BEGIN Material provided

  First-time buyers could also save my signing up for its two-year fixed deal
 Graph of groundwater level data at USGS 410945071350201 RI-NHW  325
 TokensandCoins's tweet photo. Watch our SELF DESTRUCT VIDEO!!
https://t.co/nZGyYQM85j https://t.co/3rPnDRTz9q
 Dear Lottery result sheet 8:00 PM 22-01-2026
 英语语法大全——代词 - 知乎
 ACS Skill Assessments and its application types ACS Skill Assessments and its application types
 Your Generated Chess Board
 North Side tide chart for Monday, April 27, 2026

END Material provided
BEGIN Material provided

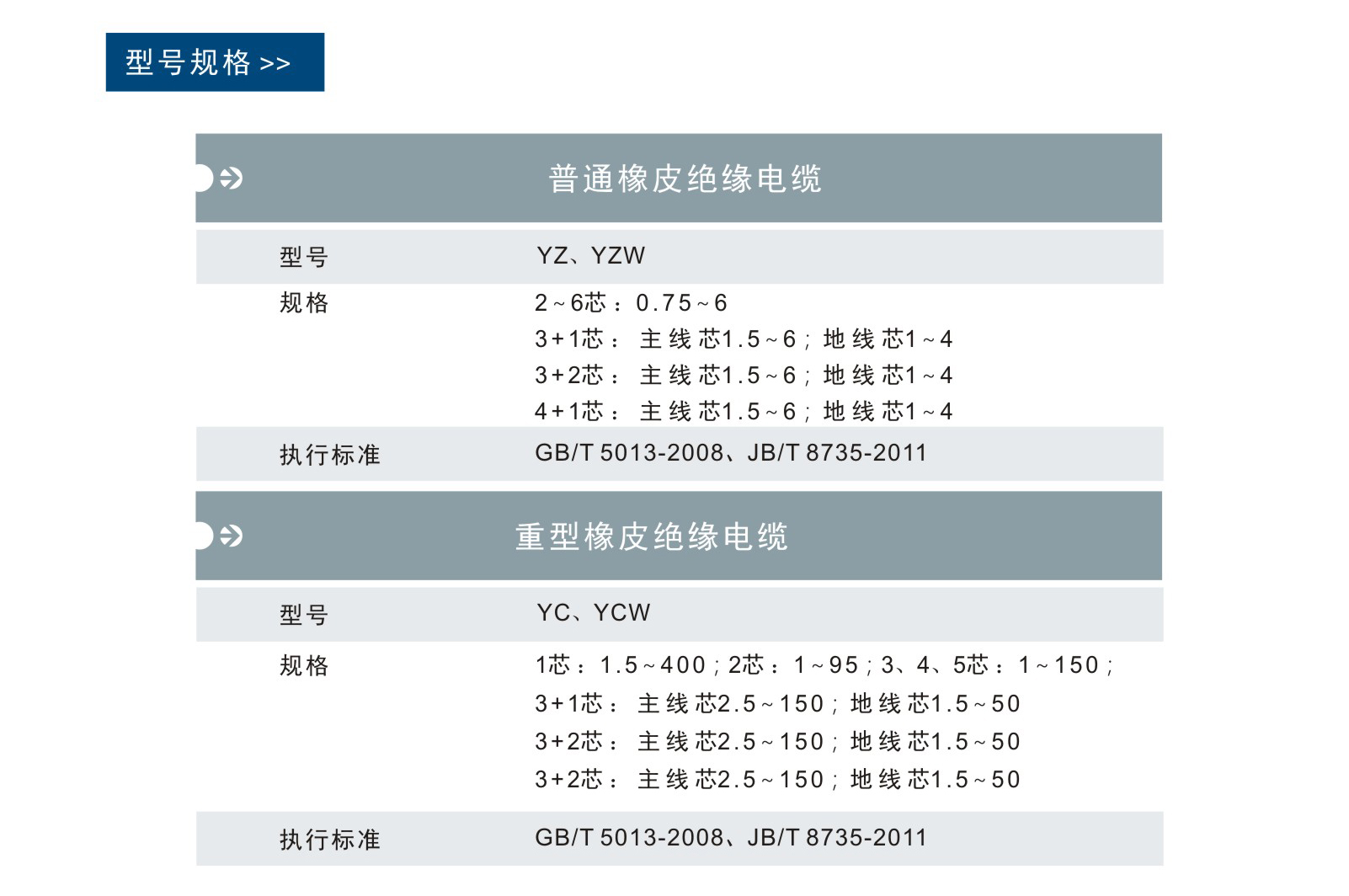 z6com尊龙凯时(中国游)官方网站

END Material provided

- _Work task_:
Above are the records; from them, give again exactly the lines from the one containing "Graph of groundwater" through the one containing "Your Generated Chess Board", both included.

- _Exercise result_:
 Graph of groundwater level data at USGS 410945071350201 RI-NHW  325
 TokensandCoins's tweet photo. Watch our SELF DESTRUCT VIDEO!!
https://t.co/nZGyYQM85j https://t.co/3rPnDRTz9q
 Dear Lottery result sheet 8:00 PM 22-01-2026
 英语语法大全——代词 - 知乎
 ACS Skill Assessments and its application types ACS Skill Assessments and its application types
 Your Generated Chess Board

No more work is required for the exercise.